O símile – antes de falar sobre o marfim, G. S. Kirk (op. cit., p. 345-6) dedica um pouco de sua atenção ao símile propriamente dito. Comenta o estudioso:

Menelaos’ thighs and legs become stained with blood as an ivory cheek-piece for a horse is stained with purple by an Asiatic craftswoman: one of the most striking and unusual of Iliadic similes. The bare facts of the comparison are briefly stated in the first two verses, then the next three expand on the desirability of the finished royal possession. This is partly development of the simile-situation for its own sake, but partly, too, it reflects on the subject of the comparison, here by implying the unique value of Menelaos to the Achaeans. (destaques nossos)

Para ele, trata-se de um dos símiles mais surpreendentes e incomuns da Il. Nos dois primeiros versos, os aspectos diretos da comparação são rapidamente colocados; então, nos três versos seguintes ela se estende e termina, de forma um tanto abrupta (na tradução de Carlos Alberto Nunes marcada pela partícula “entretanto”), com um desejo régio. O desenvolvimento do símile por si só parece destacar o outro objeto da comparação, a saber, Menelau, deixando sugerido seu valor para os demais Aqueus. Os versos após o símile, os que enaltecem as coxas de Menelau, segundo G. S. Kirk (op. cit. p. 347), reforçam a ênfase sobre o valor do herói para os gregos.

Não há no comentário de G. S. Kirk nenhuma explicação sobre a possível impressão de os maléolos imitarem as cambas e o sangue que escorre pelas pernas do herói as rédeas do freio. Esse inusitado símile, decerto, tem como argumento principal o valor de Menelau, corroborando Kirk; as imagens que ele desperta em nós leitores são múltiplas e enaltecem o poder da poesia; cabe, ademais, uma pergunta: em que medida essa possível imagem não operaria como um recurso composicional do aedo, ou seja, o poeta inserido numa cultura oral?


Referências:


FINKELBERG, M. (Ed.). The Homer Encyclopedia. 3 Vols. Blackwell: Wiley-Blackwell, 2011. [Abrev. Hom.Enc.]

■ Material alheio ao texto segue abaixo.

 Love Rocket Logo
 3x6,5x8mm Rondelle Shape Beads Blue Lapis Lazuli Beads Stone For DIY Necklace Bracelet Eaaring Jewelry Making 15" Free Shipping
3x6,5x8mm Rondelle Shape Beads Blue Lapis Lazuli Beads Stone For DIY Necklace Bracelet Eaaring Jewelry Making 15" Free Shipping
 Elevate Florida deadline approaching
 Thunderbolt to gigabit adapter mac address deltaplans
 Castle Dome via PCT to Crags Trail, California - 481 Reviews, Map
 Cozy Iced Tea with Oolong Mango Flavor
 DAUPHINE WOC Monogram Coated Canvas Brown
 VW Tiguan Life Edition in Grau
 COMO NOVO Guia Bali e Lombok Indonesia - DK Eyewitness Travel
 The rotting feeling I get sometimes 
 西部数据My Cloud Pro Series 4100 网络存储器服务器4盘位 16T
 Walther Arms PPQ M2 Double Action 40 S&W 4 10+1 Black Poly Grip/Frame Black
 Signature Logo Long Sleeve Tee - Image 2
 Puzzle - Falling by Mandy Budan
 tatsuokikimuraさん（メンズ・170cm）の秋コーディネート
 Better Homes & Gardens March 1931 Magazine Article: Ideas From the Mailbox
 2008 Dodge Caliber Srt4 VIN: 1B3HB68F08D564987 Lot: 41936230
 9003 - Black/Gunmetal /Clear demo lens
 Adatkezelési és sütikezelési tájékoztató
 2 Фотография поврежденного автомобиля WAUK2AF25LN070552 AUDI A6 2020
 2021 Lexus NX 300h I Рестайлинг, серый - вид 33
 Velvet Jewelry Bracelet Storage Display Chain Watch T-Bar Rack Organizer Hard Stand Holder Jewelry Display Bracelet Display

HORNBLOWER, S; SPAWFORTH, A.; EIDINOW, E. (Eds.). The Oxford Classical Dictionary. 4th ed. Oxford: University Press, 2012. [Abrev. OCD]

KIRK, G. S. (Ed.) The Iliad: a commentary. Vol. 1: books 1-4. Cambridge: University Press, 2001.

[1] Cf. Dicionário Houaiss, ‘fralda’ 4ª acepção: “a base (de monte, serra etc.); aba, falda, sopé.”